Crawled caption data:

──────────

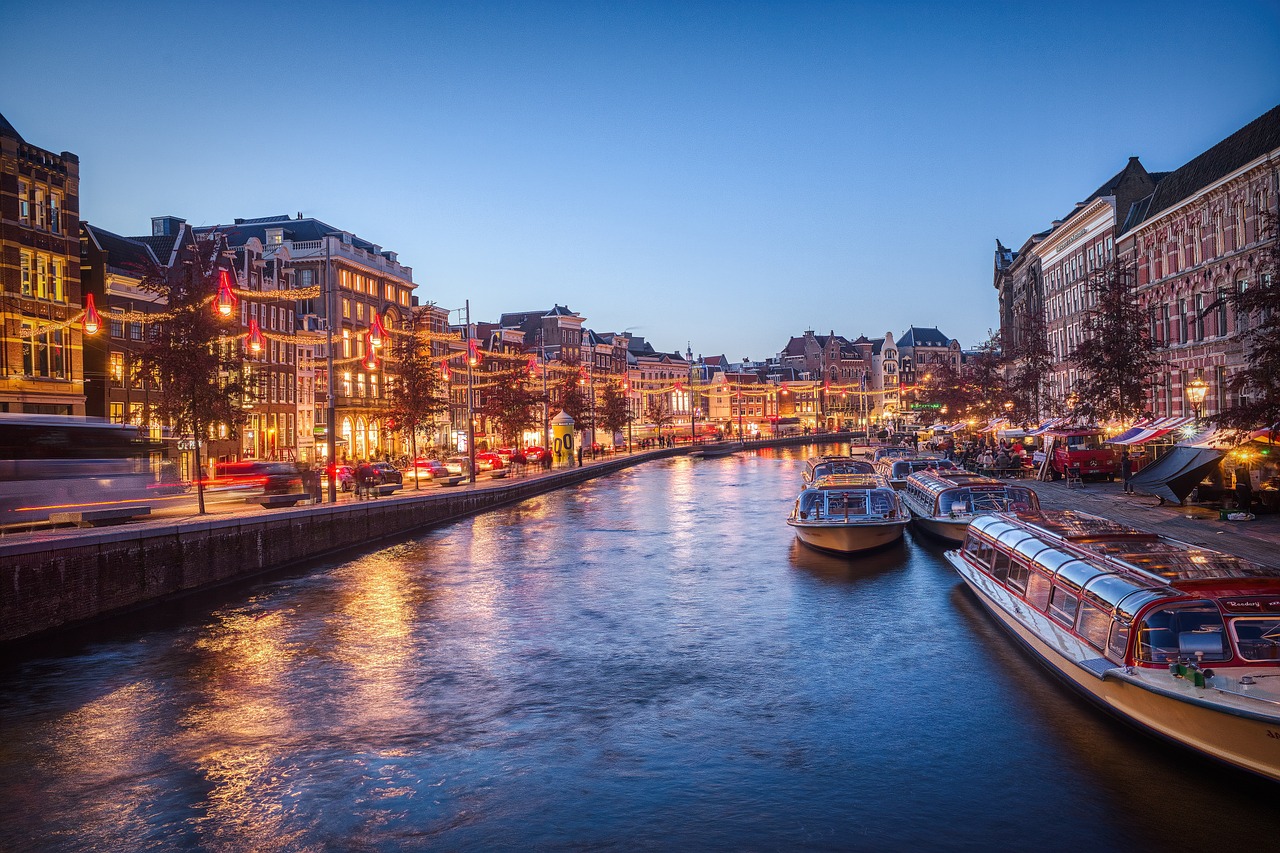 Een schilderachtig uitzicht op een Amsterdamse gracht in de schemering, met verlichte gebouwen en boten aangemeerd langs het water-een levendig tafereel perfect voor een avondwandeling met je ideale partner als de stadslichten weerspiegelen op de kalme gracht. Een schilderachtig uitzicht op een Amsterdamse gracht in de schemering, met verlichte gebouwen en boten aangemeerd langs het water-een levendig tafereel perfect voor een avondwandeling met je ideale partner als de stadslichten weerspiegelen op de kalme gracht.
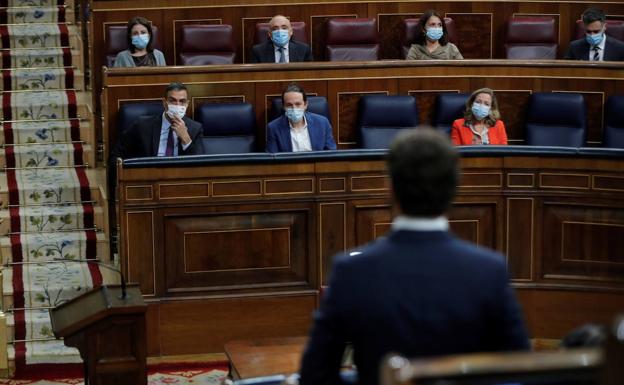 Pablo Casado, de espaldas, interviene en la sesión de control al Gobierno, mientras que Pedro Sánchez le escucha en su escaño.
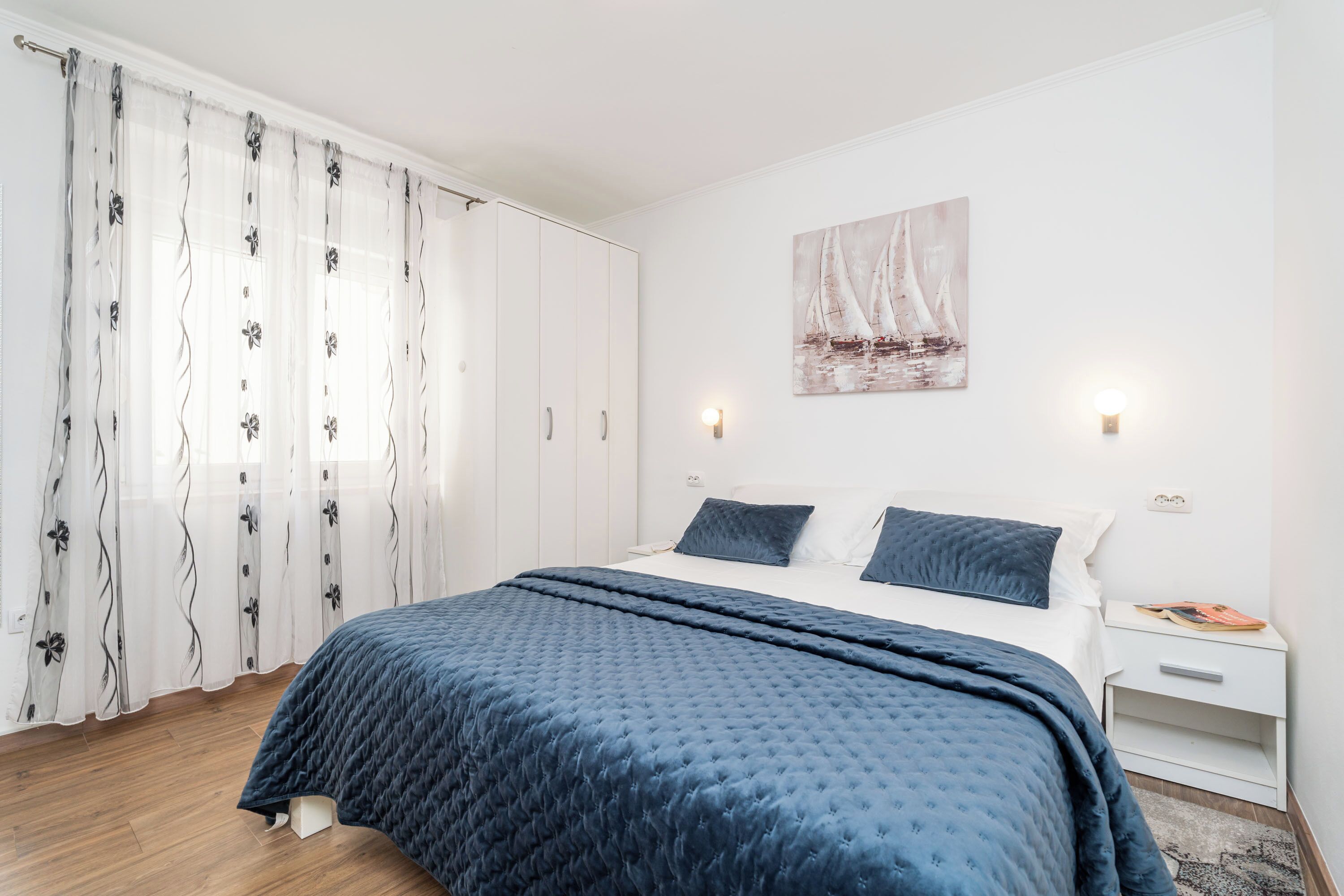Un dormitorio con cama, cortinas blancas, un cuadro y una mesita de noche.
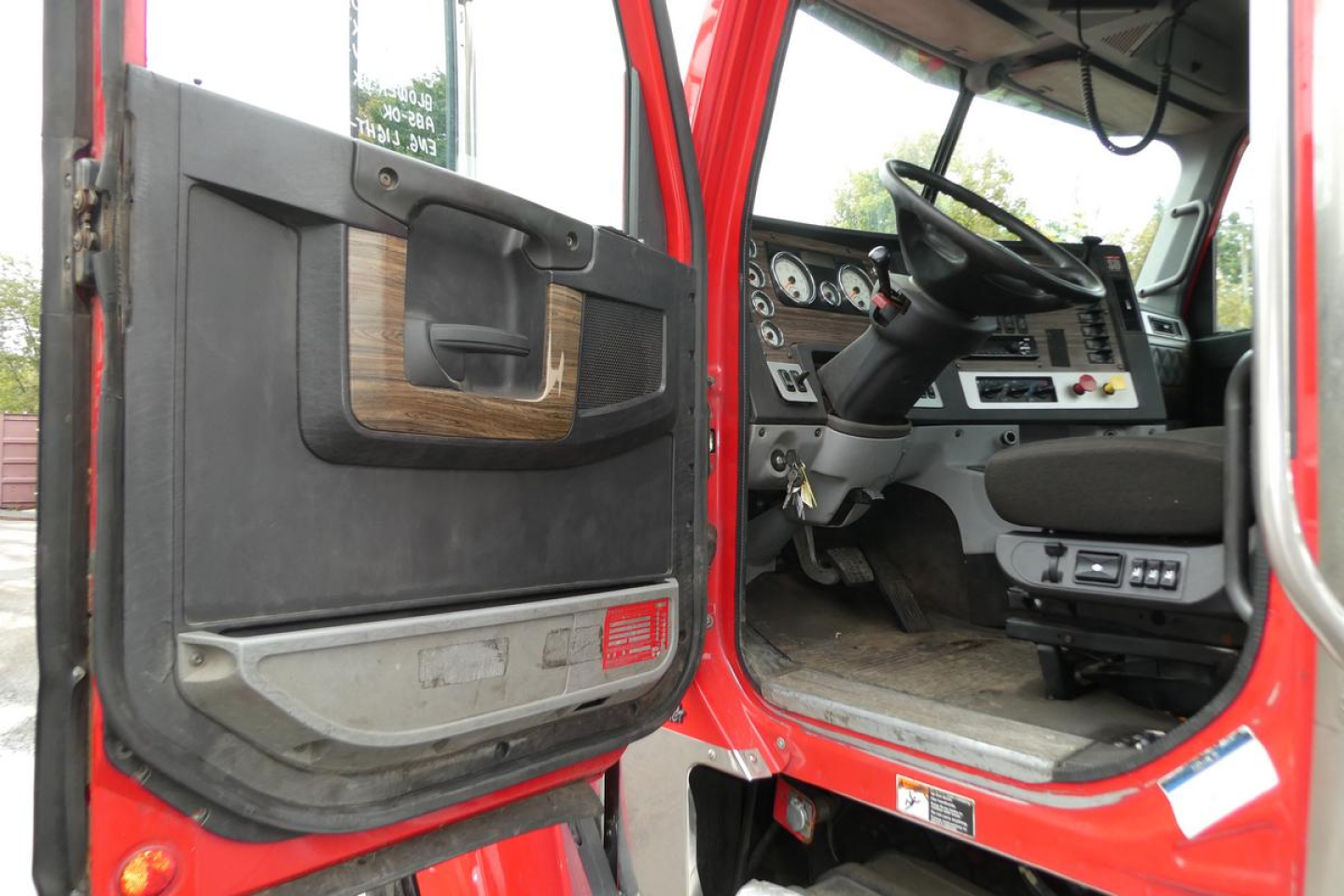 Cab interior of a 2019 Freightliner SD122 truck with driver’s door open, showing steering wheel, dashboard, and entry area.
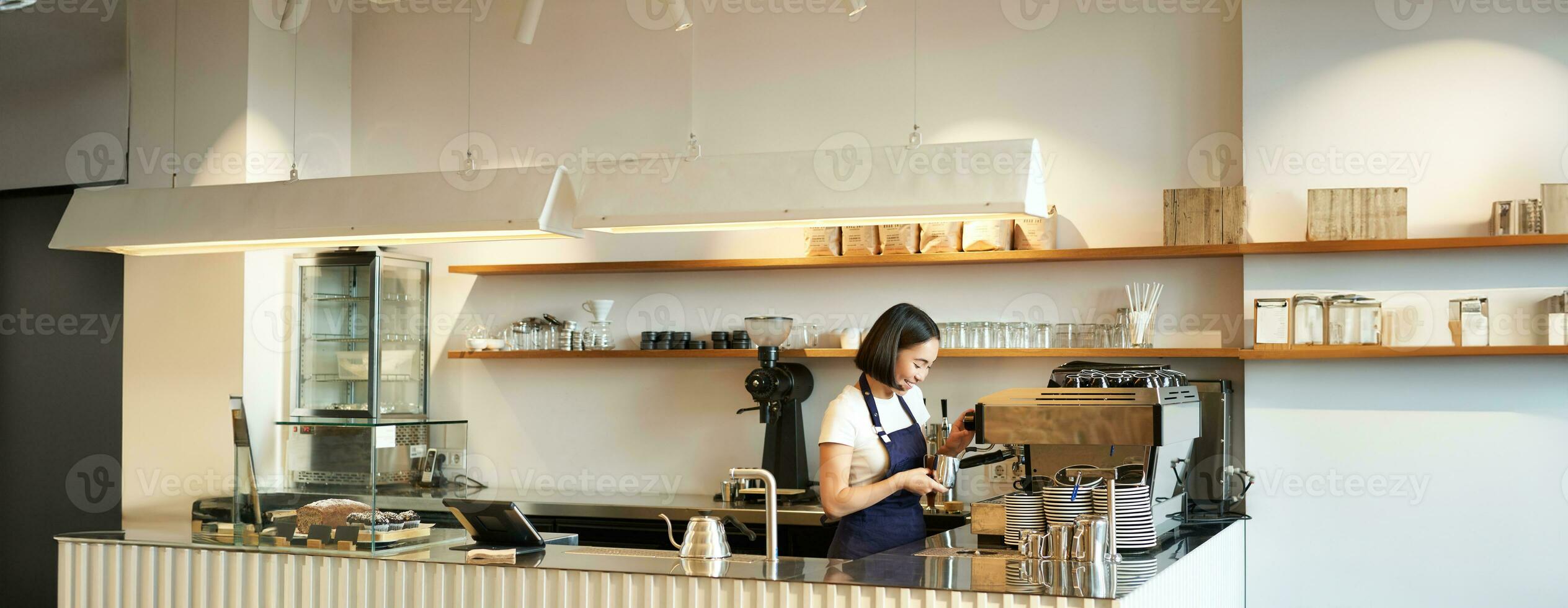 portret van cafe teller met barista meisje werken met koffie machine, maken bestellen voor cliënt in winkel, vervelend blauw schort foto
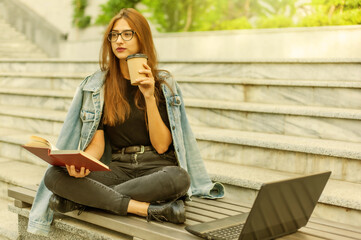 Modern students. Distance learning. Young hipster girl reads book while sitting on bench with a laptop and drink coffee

──────────

ASSIGNMENT: Quote the records above in full, dropping each picture.

SOLUTION FOR THIS TASK:
 Een schilderachtig uitzicht op een Amsterdamse gracht in de schemering, met verlichte gebouwen en boten aangemeerd langs het water-een levendig tafereel perfect voor een avondwandeling met je ideale partner als de stadslichten weerspiegelen op de kalme gracht. Een schilderachtig uitzicht op een Amsterdamse gracht in de schemering, met verlichte gebouwen en boten aangemeerd langs het water-een levendig tafereel perfect voor een avondwandeling met je ideale partner als de stadslichten weerspiegelen op de kalme gracht.
 Pablo Casado, de espaldas, interviene en la sesión de control al Gobierno, mientras que Pedro Sánchez le escucha en su escaño.
Un dormitorio con cama, cortinas blancas, un cuadro y una mesita de noche.
 Cab interior of a 2019 Freightliner SD122 truck with driver’s door open, showing steering wheel, dashboard, and entry area.
 portret van cafe teller met barista meisje werken met koffie machine, maken bestellen voor cliënt in winkel, vervelend blauw schort foto
 Modern students. Distance learning. Young hipster girl reads book while sitting on bench with a laptop and drink coffee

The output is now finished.